Task to carry out → Please restate, exactly, only the lines from the beginning of the listing below through the line containing "TOWNES CONDOMINIUMS - Residential", with the pictures left out.

Data extracts →

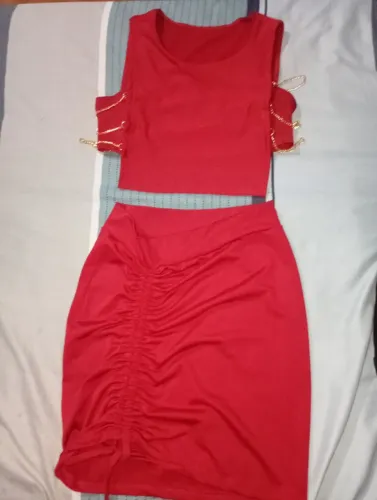 Vendo conjunto de saia e cropped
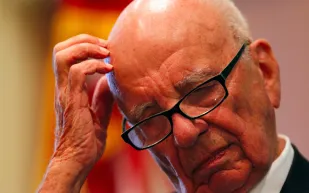 تحقيقات الفساد بالسعودية تضع إمبراطورية "مردوخ" في مهب الريح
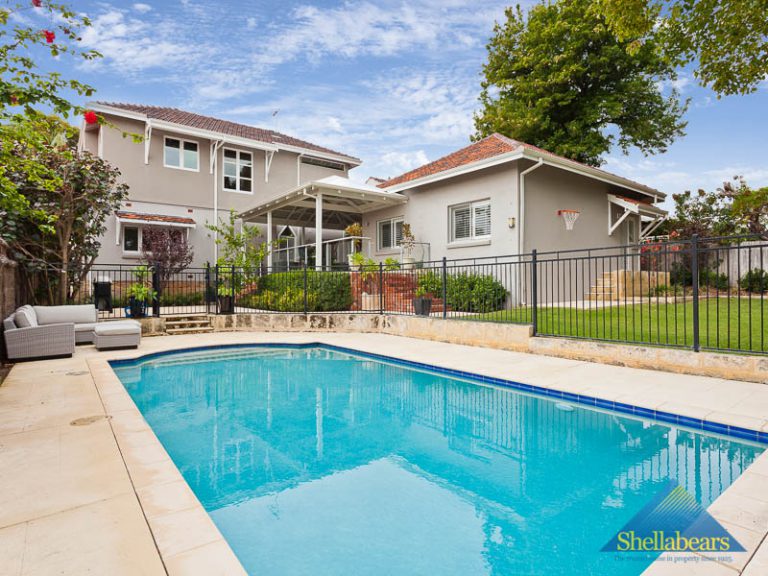 35 Vincent Street gallery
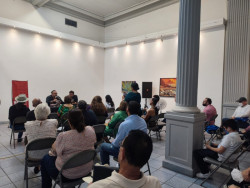 Presenta Carlos René Padilla su libro "Bavispe" en la Sala de Arte del Instituto Sonorense de Cultura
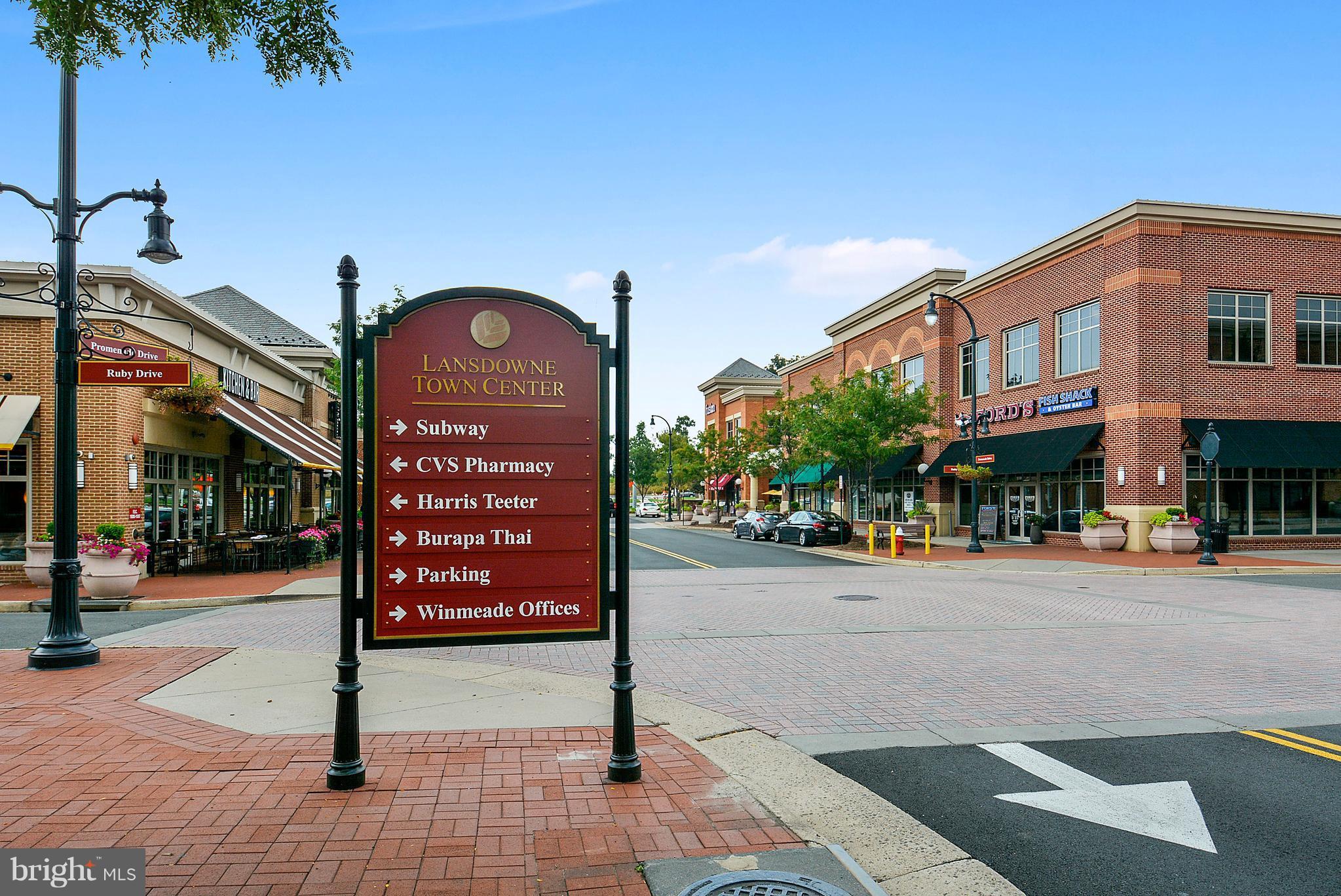 TOWNES CONDOMINIUMS - Residential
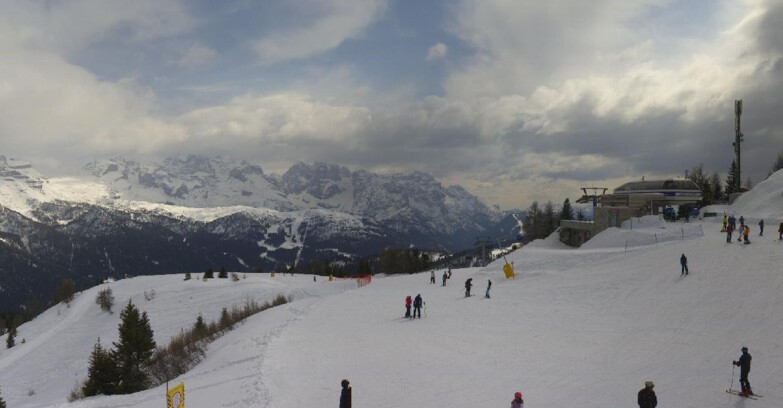 Webcam Folgarida-Marilleva  (Skiarea Campiglio Dolomiti di Brenta - Val di Sole Val Rendena) - Seggiovia Malghette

Exercise solution →
 Vendo conjunto de saia e cropped
 تحقيقات الفساد بالسعودية تضع إمبراطورية "مردوخ" في مهب الريح
 35 Vincent Street gallery
 Presenta Carlos René Padilla su libro "Bavispe" en la Sala de Arte del Instituto Sonorense de Cultura
 TOWNES CONDOMINIUMS - Residential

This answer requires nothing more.